In the lull, I was wondering if you guys think there is any point in a distinction between Evil (as presented in the WotC's book of Vile Deeds) and Evil Lite (my version of the Cyberpunk ethos).
I ask this because much of the material presented in Vile Deeds doesn't appeal to me. PCs slaughtering villages of peasants? Okay. Sure you
can, but what's interesting about it?
I feel (and please feel welcome to disagree) that the "Evil Lite" games I've run in the past have crucial differences, in that – ala the Dragonlance credo – "Evil will eat itself" serves to turn the Evil PCs against the much eviler NPCs. In Evil Lite, the forces of darkness are not a monolithic front, but rather a hundred wicked forces, each striving to get a hand up on the other. (Thank goodness for Chaotic Evil.)
In this way, PCs actually spend *more* time contesting with devils and demons than they might have if they were good-aligned. There is always someone out to betray you, and when PCs lay claim to the practice of Evil, there is no one you can really trust. You actually cut yourself off from the support system that Lawful Good folks enjoy.
Going to the temple toget healed means owing that nasty priest a big favor; and will your wicked god really allow your corrupt soul to be
raised or will you spend the next thousand years as a dretch? These are real questions that need to be asked when a PC jumps on the evil train.
Recall all those movies where the henchmen of the Bad Guy get killed by the Bad Guy simply because he is in a foul mood? From levels 1 to 10 (or further, if you bring demi-powers into your game), evil PCs
are those henchmen.
But some players like trying to survive in that setting. (Hence my players enjoying Cyberpunk 2020.)
When I wrote DCC# 28 (Into the Wilds), I made sure to include this social element. PCs spend a little time in town (ala the Keep on the Borderlands of old D&D fame). At the end of the module there is a dramatic finale just outside the keep. After 5 rounds the authorities come running to shut the fight down and sort the good from the bad and the ugly.
If the PCs have behaved like rational, good-aligned folks in town, the authorities are willing to hear them out. If they've behaved like sociopaths (terrorizing the citizens, robbing from all the shops, treatening the rulers, etc ... you know the type), the authorities promptly toss their third-level butts in the dungeon and listen to what the Bad Guy has to say.

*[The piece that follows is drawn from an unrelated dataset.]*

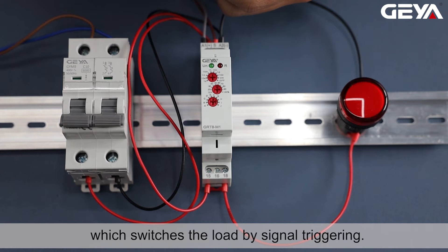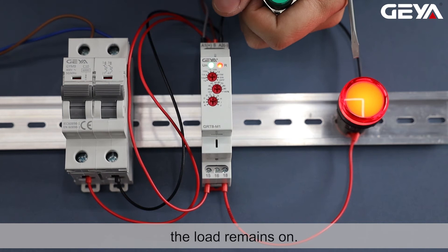Power on, then press the trigger button — the load remains on. Press the button again and the load is disconnected.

In this, I tried to write an adventure with a living, breathing, thinking NPC cast. The PCs earn their own rewards, and if they choose to behave poorly, it is the world that punishes them, not the GM.
It seemed to work in playtesting, but I'd love to hear what JediOre thinks about it. The real test is whether he'd be willing to run the module in the group with the 11-year old.
Edit: I
fully respect any GM who is says "No evil PCs in my game, I'm here to tell stories about heroes vanquishing good." But I'd also never condemn a player who wanted to play a Raistlin (if the other players are willing).
Heh. In retrospect I think I'm "harder" on my evil PCs than my good ones. (I can run a pretty fierce 'punk campaign.) But that's cool. That's the game they chose to play.